I when I type the following command into cygwin:
bin/nutch index crawl/crawldb crawl/linkdb crawl/segment/*
then the binary works fine. When I place the exact same line into my bash script:
#!/bin/bash/
bin/nutch index crawl/crawldb crawl/linkdb crawl/segment/*
I get an error saying some files don't exist. This may be specific to Nutch which is the program I'm running, but I think it has more to do with how I'm calling the command in the script. Any ideas about what's wrong and how to fix this? (yes I'm using tab completion)
EDIT:
Script:
#!/bin/bash
/home/Dan/apache-nutch-1.2/bin/nutch index crawl/indexes crawl/crawldb crawl/linkdb crawl/segments/*
I run the command:
$ pwd
/home/Dan/apache-nutch-1.2
$ ./nutch.sh
The output I'm getting is:
Indexer: starting at 2010-11-29 15:15:44
Indexer: org.apache.hadoop.mapred.InvalidInputException: Input path does not exist: file:/C:/cygwin/home/Dan/apache-nutch-1.2/
/crawl_fetch
Input path does not exist: file:/C:/cygwin/home/Dan/apache-nutch-1.2/
/crawl_parse
Input path does not exist: file:/C:/cygwin/home/Dan/apache-nutch-1.2/
/parse_data
Input path does not exist: file:/C:/cygwin/home/Dan/apache-nutch-1.2/
/parse_text
at org.apache.hadoop.mapred.FileInputFormat.listStatus(FileInputFormat.java:190)

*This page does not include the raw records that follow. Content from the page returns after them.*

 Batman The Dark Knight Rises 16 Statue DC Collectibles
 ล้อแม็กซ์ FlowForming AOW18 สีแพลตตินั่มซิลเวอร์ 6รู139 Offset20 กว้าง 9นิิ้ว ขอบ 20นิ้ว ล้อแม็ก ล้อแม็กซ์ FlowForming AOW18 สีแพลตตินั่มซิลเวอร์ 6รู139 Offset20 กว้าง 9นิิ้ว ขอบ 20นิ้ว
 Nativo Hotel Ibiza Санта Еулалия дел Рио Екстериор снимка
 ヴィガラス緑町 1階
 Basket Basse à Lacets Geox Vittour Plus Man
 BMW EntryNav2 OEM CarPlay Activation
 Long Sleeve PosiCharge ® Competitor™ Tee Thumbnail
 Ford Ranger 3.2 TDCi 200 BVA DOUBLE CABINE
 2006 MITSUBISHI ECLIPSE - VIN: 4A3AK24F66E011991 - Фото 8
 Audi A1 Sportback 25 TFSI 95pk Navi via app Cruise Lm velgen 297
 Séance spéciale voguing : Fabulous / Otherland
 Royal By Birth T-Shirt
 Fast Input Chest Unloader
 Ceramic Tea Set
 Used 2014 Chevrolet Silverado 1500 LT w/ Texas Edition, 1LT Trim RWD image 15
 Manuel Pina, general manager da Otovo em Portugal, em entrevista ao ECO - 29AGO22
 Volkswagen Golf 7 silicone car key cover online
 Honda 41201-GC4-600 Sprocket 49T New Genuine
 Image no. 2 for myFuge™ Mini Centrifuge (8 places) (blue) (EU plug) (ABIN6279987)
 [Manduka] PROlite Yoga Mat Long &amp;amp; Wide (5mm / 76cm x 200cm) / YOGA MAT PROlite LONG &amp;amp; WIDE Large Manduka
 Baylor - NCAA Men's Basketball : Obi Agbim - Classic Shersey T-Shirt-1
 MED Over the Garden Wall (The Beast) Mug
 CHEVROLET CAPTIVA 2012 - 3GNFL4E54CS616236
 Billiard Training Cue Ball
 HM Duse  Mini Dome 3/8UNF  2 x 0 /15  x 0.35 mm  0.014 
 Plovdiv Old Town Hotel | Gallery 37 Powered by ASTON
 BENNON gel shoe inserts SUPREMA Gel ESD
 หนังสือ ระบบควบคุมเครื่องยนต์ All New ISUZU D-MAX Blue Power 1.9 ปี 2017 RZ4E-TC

at org.apache.hadoop.mapred.SequenceFileInputFormat.listStatus(SequenceFileInputFormat.java:44)
at org.apache.hadoop.mapred.FileInputFormat.getSplits(FileInputFormat.java:201)
at org.apache.hadoop.mapred.JobClient.writeOldSplits(JobClient.java:810)
at org.apache.hadoop.mapred.JobClient.submitJobInternal(JobClient.java:781)
at org.apache.hadoop.mapred.JobClient.submitJob(JobClient.java:730)
at org.apache.hadoop.mapred.JobClient.runJob(JobClient.java:1249)
at org.apache.nutch.indexer.Indexer.index(Indexer.java:76)
at org.apache.nutch.indexer.Indexer.run(Indexer.java:97)
at org.apache.hadoop.util.ToolRunner.run(ToolRunner.java:65)
at org.apache.nutch.indexer.Indexer.main(Indexer.java:106)
Regards, ~DS
/bin/bashis the correct path. Also,bin/nutchis a relative path.